=== Instructions to follow ===
Take the entries below and reproduce exactly the portion that begins at the line containing "Вадим Супиков наградил" and ends at the line containing "NISSAN NP300 4x4 King Cab-image-2", keeping both ends, dropping pictures, and adding nothing else.

=== Task input ===
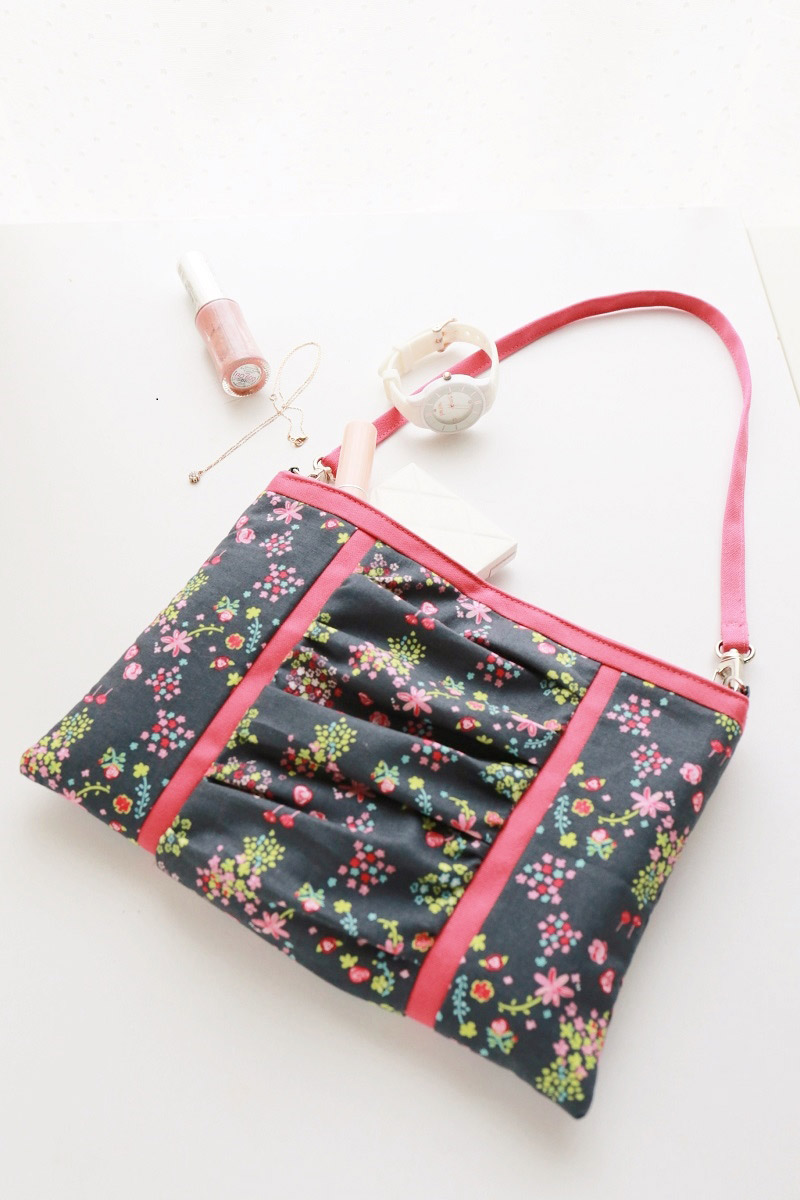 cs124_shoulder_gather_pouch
---
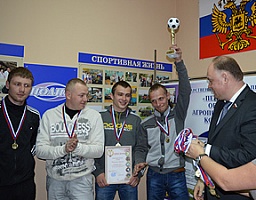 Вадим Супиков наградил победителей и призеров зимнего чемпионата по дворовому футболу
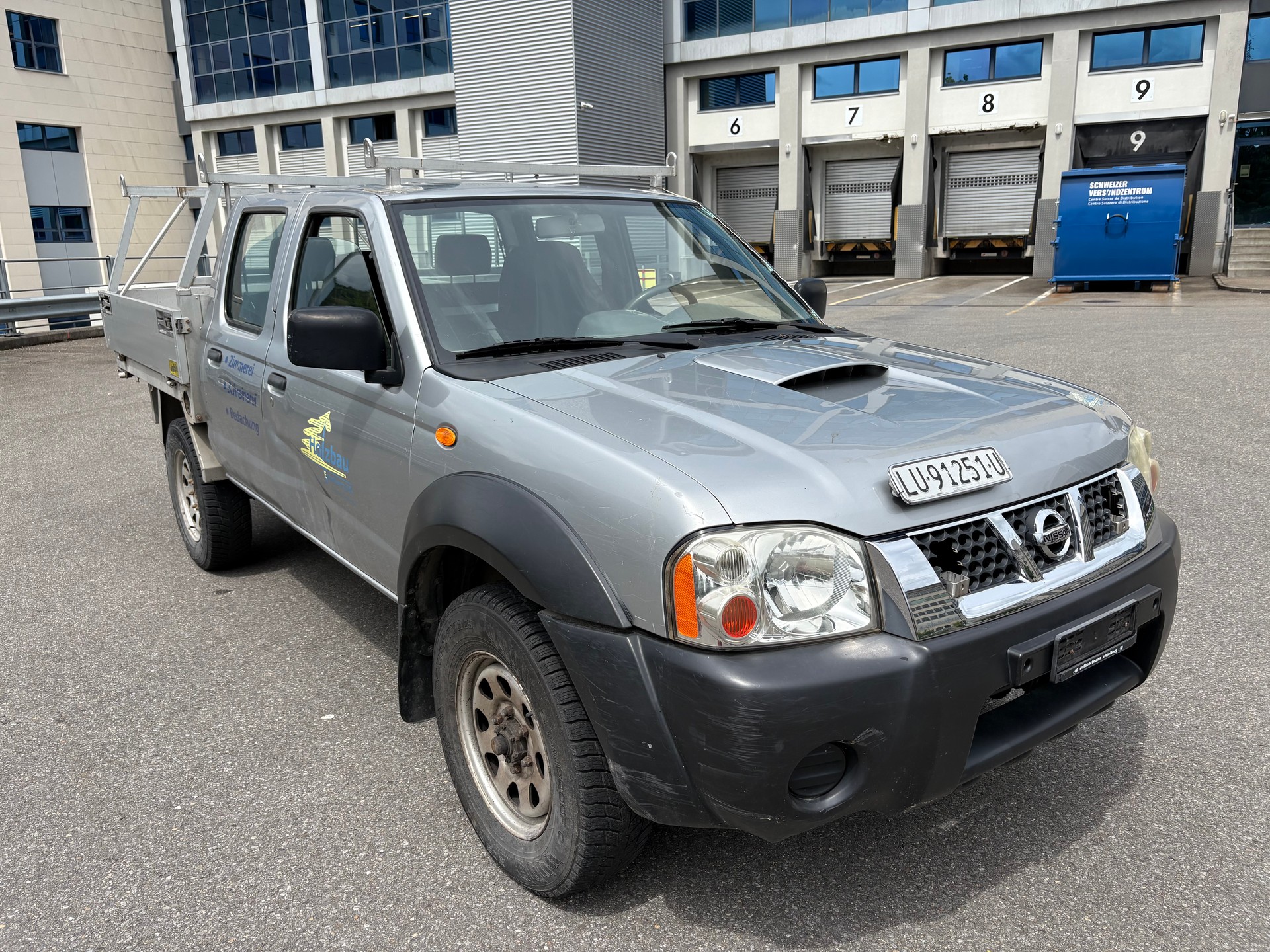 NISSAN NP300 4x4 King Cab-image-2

=== Expected output ===
 Вадим Супиков наградил победителей и призеров зимнего чемпионата по дворовому футболу
 NISSAN NP300 4x4 King Cab-image-2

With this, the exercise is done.